Quando Lo-Rez parla di direzioni artistiche che vanno appiattendosi mi chiedo quanto stiamo perdendo di artisticamente valido per andare all'inseguimento del reale. Perché dobbiamo sempre ricordarci, quando parliamo di videogiochi soprattutto, che l'inseguimento del reale è una scelta, non necessariamente la più interessante, ed è una scelta con dei vincoli stringenti. Se vinci, hai sicuramente del potenziale narrativo notevole, perché puoi praticamente manipolare un intero film in funzione del tuo videogioco, se perdi condanni il tuo pubblico a dei manichini. Che poi tra il distacco dalla realtà, la sospensione d'incredulità e il racconto come racconto, anche con i manichini ci si possa emozionare (e non è che, negli anni, Last of Us non abbia emozionato) possiamo essere d'accordo, ma la resa grafica, quell'aspetto solo, è qualcosa che possiamo valutare di per sé.
Lascio l'ultimo appunto per il gioco forse più vicino alla mia forma mentis, ovvero Cyberpunk 2077, che si è rivelato al mondo e ha sicuramente attratto molta attenzione su di sé. Si dice che il gioco voglia riscoprire il cuore del mood cyberpunk della fantascienza classica, quella di Gibson. Personalmente il suo trailer me lo ha fatto sembrare molto di più un GTA con impianti, che poi probabilmente sarà anche la sua destinazione d'uso. In questo senso applaudo alla scelta della prima persona, perché sicuramente questa scongiurerà di trovarsi di fronte a una mod fantascientifica di GTA, appunto, e costringerà gli autori per primi a trovare una nuova identità di gioco.
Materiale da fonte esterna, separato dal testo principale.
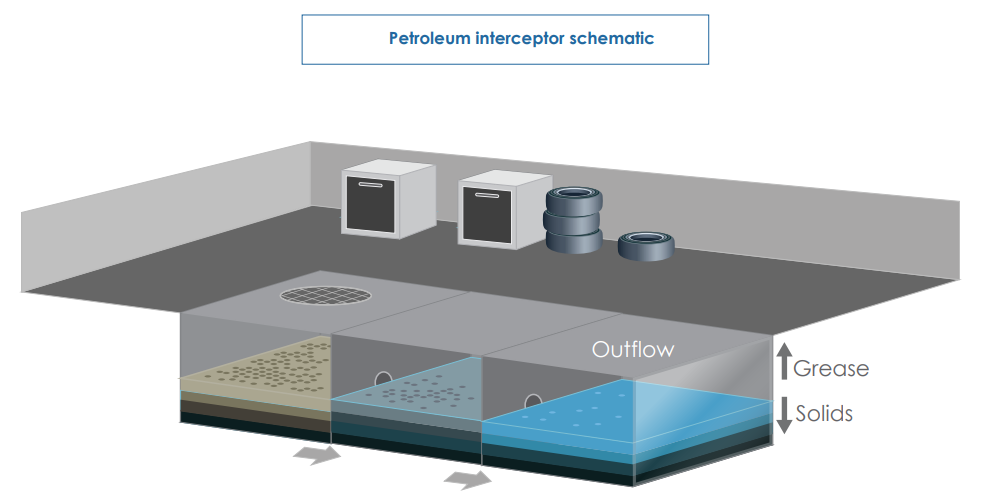 Diagram titled Petroleum interceptor schematic showing shop equipment and stacked tires above a three-chamber underground interceptor tank, where grease rises to the top, solids settle to the bottom, and water flows to the outflow.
E' stata un'E3 in cui si sono dette anche molte altre cose, come ormai consuetudine si sono viste soprattutto IP consolidate che gemmano nuovi capitoli, da questo trend credo sarà difficile staccarsi. Forse possiamo riconoscerle un tentativo, rispetto ad altre fiere, di aprire verso mondi stimolanti, che è un po' quello che si chiederebbe in generale ai videogiochi. Di questo, dal mio angolino apatico e privo di reale interesse, gliene rendo merito.